I am not sure how long I lay upon the floor. Perhaps an hour, perhaps two or three hours. When at last I pulled myself up into a sitting posture it appeared to be afternoon. It was certainly another world and another time. Of course there was no question of eating anything, I should instantly have been sick. Sitting on the floor I reached out and drew towards me the chair upon which she had sat and leaned against it. I could see my own sherry untouched upon the table, hers half drunk. A fly was drowned in it. I would have drunk it fly and all, only I knew I could keep nothing down. I clasped the chair (it was the tiger lily one) and stared at her copy of Hamlet. The pleasure of picking that up and fingering it, perhaps seeing her name written in the front, was hundreds of years ahead in a delightful future of perfectly satisfying preoccupations. There was no hurry. Time had already become eternity. There was a huge warm globe of conscious being within which I moved with extreme slowness, or which perhaps I was. I had only to gaze, to stretch my hands out slowly like a chameleon. It no longer mattered where I looked or what I did. Everything in the world was Julian.

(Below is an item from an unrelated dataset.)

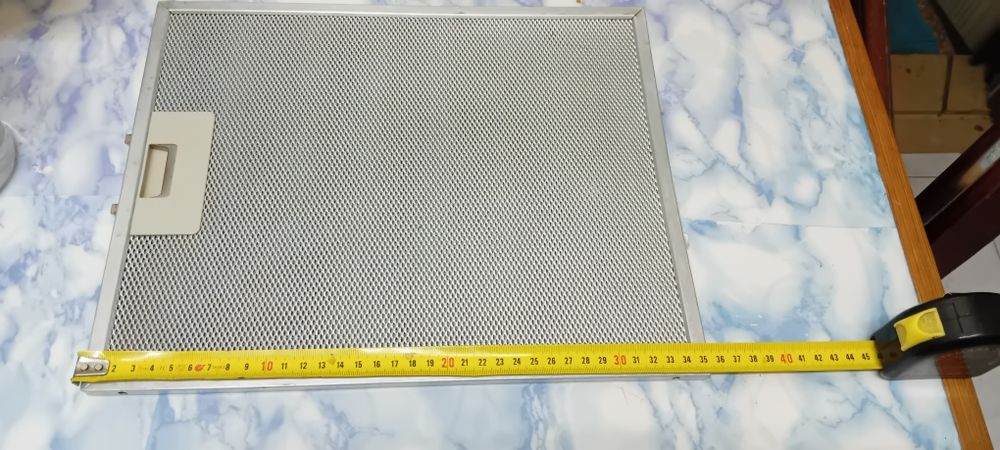 Grelha/filtro anti-gordura para exaustor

Some readers may feel that what I am describing is a condition of insanity, and in a way this is true. Were it not reasonably common, men could surely be locked up for such a change of consciousness. However it is one of the peculiarities, perhaps one of the blessings, of this planet that anyone can experience this transformation of the world. Also, anyone can be its object. What a commonplace girl, the reader may say: naive, ignorant, thoughtless, not even particularly beautiful. Or else you have misdescribed her. I can only say that until that moment I could not see her. And I have tried, as an honest narrator, to reveal her so far only dimly, through the casual blinded consciousness of the person that I was. Now I could see. Can any lover doubt that now he sees truly? And is the possessor of this enlivened vision not really more like God than like a madman?